Some 127,950 cars rolled off production lines, driven by investment in new models, the Society of Motor Manufacturers and Traders said.
However, last month’s increase came off the back of a double-digit fall in production in April 2017.
SMMT boss Mike Hawes said the rise was not a surprise, and he again warned about Brexit’s impact on the industry.
In April last year the timing of the Easter bank holiday hit output. For that reason, the SMMT chief executive said, last month’s “growth isn’t altogether surprising”.
Manufacturing for both home and overseas markets rose by 7.3% and 4.7% respectively, with 103,662 cars built for export in April and accounting for 81.0% of production.
Despite April’s rise, the picture so far this year is more gloomy.
Overall output is down 3.9%, with a total of 568,378 cars manufactured in the first four months. Four-fifths of these were exported, as domestic demand fell 10.3% against only a 2.2% decline in vehicles destined for export.
In March, the number of cars built fell 13.3% year-on-year.

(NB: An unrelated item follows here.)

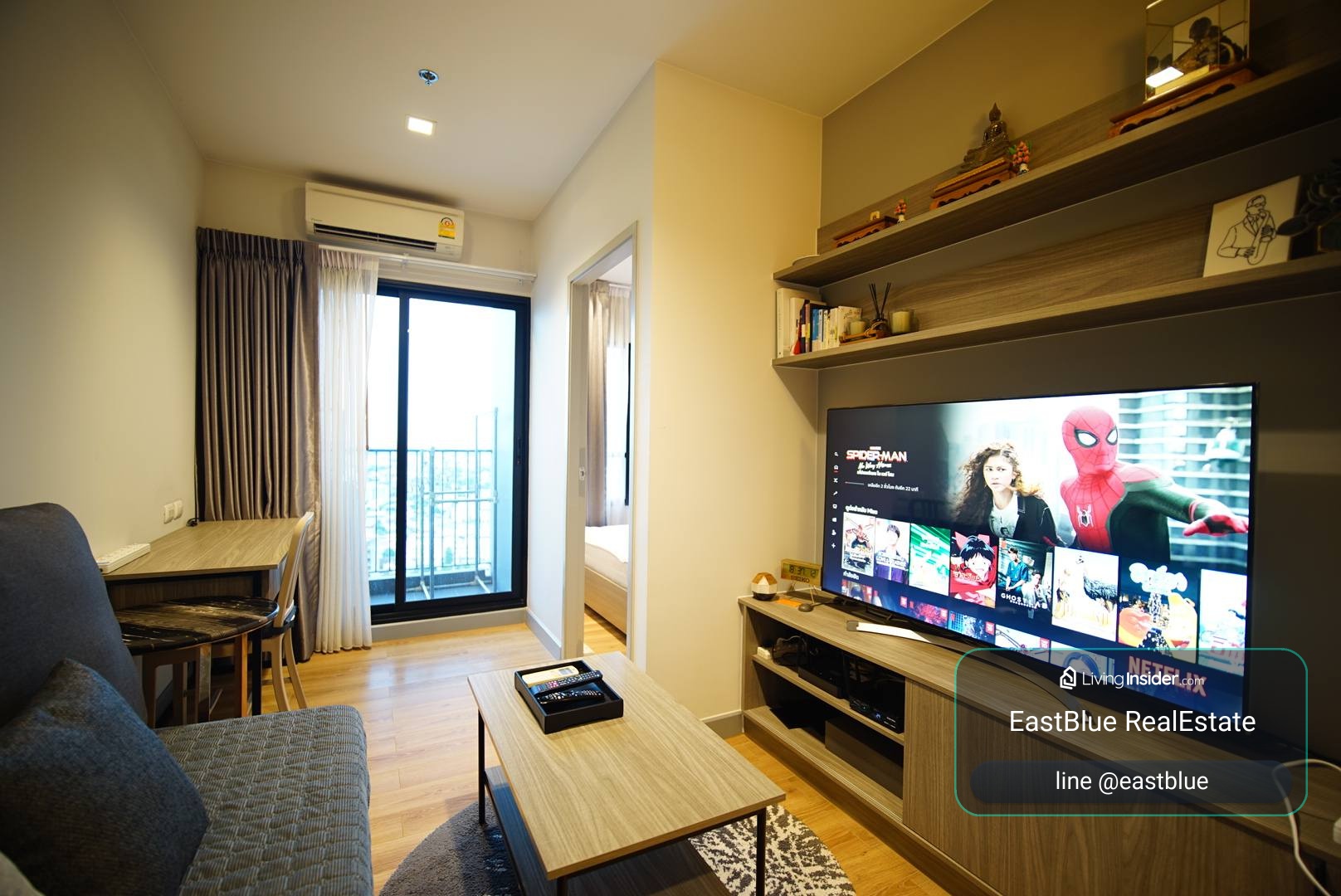 ให้เช่า Chapter One Midtown Ladprao 24 1 นอน 30 ตร.ม. ใกล้ MRT ลาดพร้าว 16,500/เดือน 0642748883 – รูปที่ 2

The SMMT has warned that the industry is increasingly concerned about the progress of Brexit trade talks, and Mr Hawes returned to the theme on Thursday.
In a statement accompanying the production figures, he said April’s rise was due to planned new model investment that “was made on the basis of the free and frictionless trade afforded by our EU membership”.
Future growth of the UK car industry “depends upon maintaining these competitive conditions after Brexit”, he added. “That’s why it is critical that government acts to safeguard our participation in the EU customs union and single market.”